American Journal of Applied Sciences 11 (1): 137-144, 2014 ISSN: 1546-9239 ©2014 Science Publication doi:10.3844/ajassp.2014.137.144 Published Online 11 (1) 2014 (http://www.thescipub.com/ajas.toc)

# ERROR DETECTION SCHEMES FOR FINITE FIELD MULTIPLIERS

# <sup>1</sup>Sargunam, B. and <sup>2</sup>R. Dhanasekaran

<sup>1</sup>Department of Electronics and Communication Engineering, Avinashilingam University, Coimbatore, India <sup>2</sup>Syed Ammal Engineering College, Ramanathapuram, India

Received 2013-09-16, Revised 2013-10-24; Accepted 2013-12-11

## ABSTRACT

Finite field multipliers are widely used in the field of cryptography for the purpose of scalar multiplication. The outputs of the finite field multipliers may consist of errors due to certain natural radiations which further leads to the failure of the cryptosystems. Here two Concurrent Error Detection (CED) schemes namely time redundancy and modular inversion based error detection schemes for finite field multipliers are discussed. The CED techniques have been implemented for bit serial, digit serial and bit parallel Montgomery multipliers. The Simulation results are obtained using Modelsim10.0b, area and power analysis has been performed using Xilinx ISE 9.1i. The proposed modular inversion based CED scheme is found to be area and power efficient compared to existing time redundancy based CED scheme.
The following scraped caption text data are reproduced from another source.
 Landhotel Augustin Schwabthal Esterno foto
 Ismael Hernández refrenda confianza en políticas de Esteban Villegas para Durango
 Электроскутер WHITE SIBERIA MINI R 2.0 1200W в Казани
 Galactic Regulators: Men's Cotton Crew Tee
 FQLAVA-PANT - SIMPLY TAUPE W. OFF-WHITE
Keywords: Montgomery Multiplication, Elliptic Curve Cryptography (ECC), Parity Prediction, Modular Inversion, Finite Field Multipliers

# **1. INTRODUCTION**

The finite field multiplication has received great attention in literature (Lee *et al.*, 2006; Ghosh *et al.*, 2011) among the basic operations. It is mainly because the implementation of a multiplier is much more complex when compared to adder and by using multiplication operations such as inversion and exponentiation which are widely used in cryptosystems. Finite field popularly known as Galois Field (GF) is represented as GF ( $p^n$ ), where  $p^n$  is a prime number over 'n' dimensions. When the prime number is 2, elements of GF are expressed as binary numbers. GF (2) when extended to GF ( $2^m$ ) is termed as binary extension field. Since no carry propagation occurs in GF ( $2^m$ ), the addition of two single bits requires only a logical XOR operation.
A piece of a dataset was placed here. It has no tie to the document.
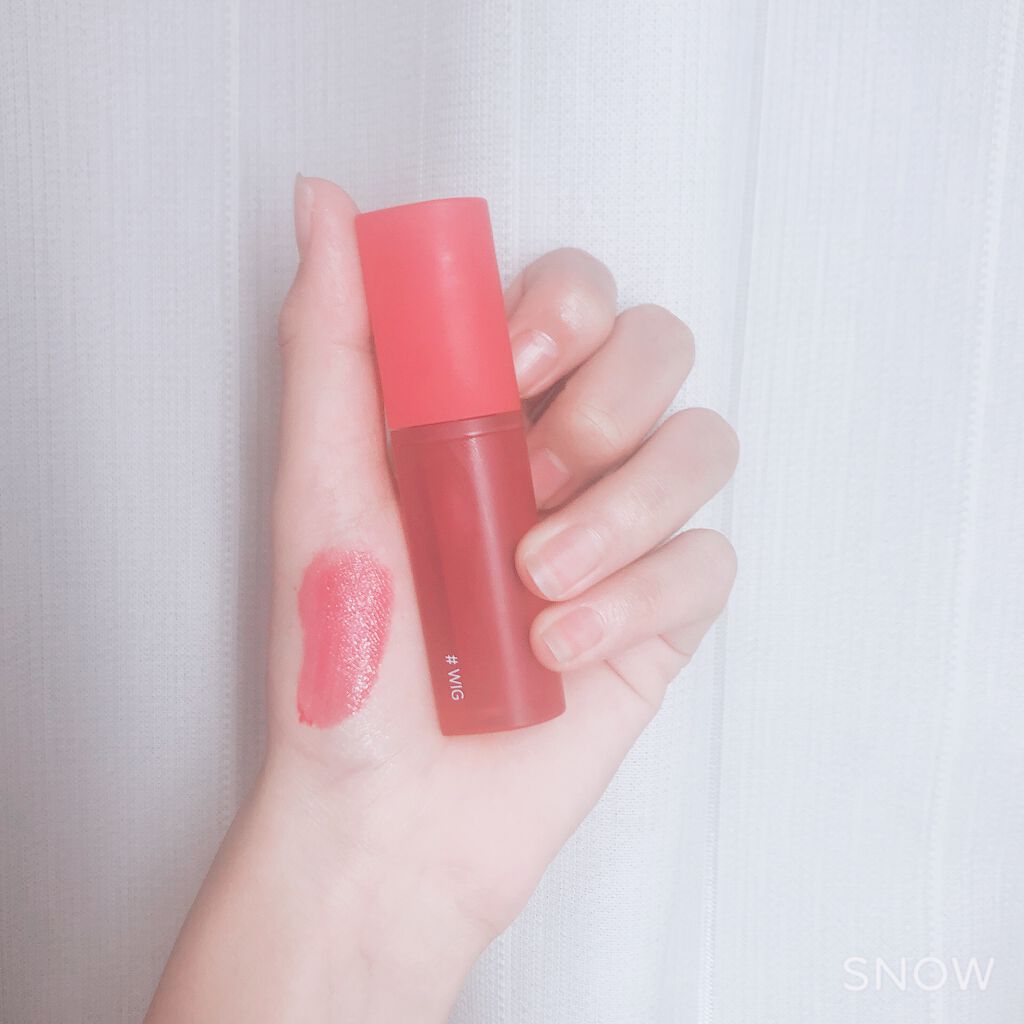 カラーエナメルグロス/KATE/リップグロスを使ったクチコミ(2枚目)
Finite fields are used in a variety of applications including classical coding theory in linear block codes such as Reed Solomon codes and in cryptographic algorithms (MacWilliams and Sloane, 1998). Cryptography is the practice and study of techniques for secured data communication in the presence of third parties. ECC (Miller, 1998) is an approach to public key cryptography based on algebraic structure of elliptic curves over finite field. This cryptographic method has been regarded mature to provide robustness for secure data transaction. Therefore ECC has become an attractive alternative cryptosystem and many designs have been proposed in recent years (Sakiyama *et al.*, 2007; Chumg *et al.*, 2005; Gura *et al.*, 2002; Blake *et al.*, 2005; Biham and Shamir, 1997; Boneh *et al.*, 1997).The Montgomery multiplication algorithm is used to enhance the scalar multiplication in ECC (Montgomery, 1985).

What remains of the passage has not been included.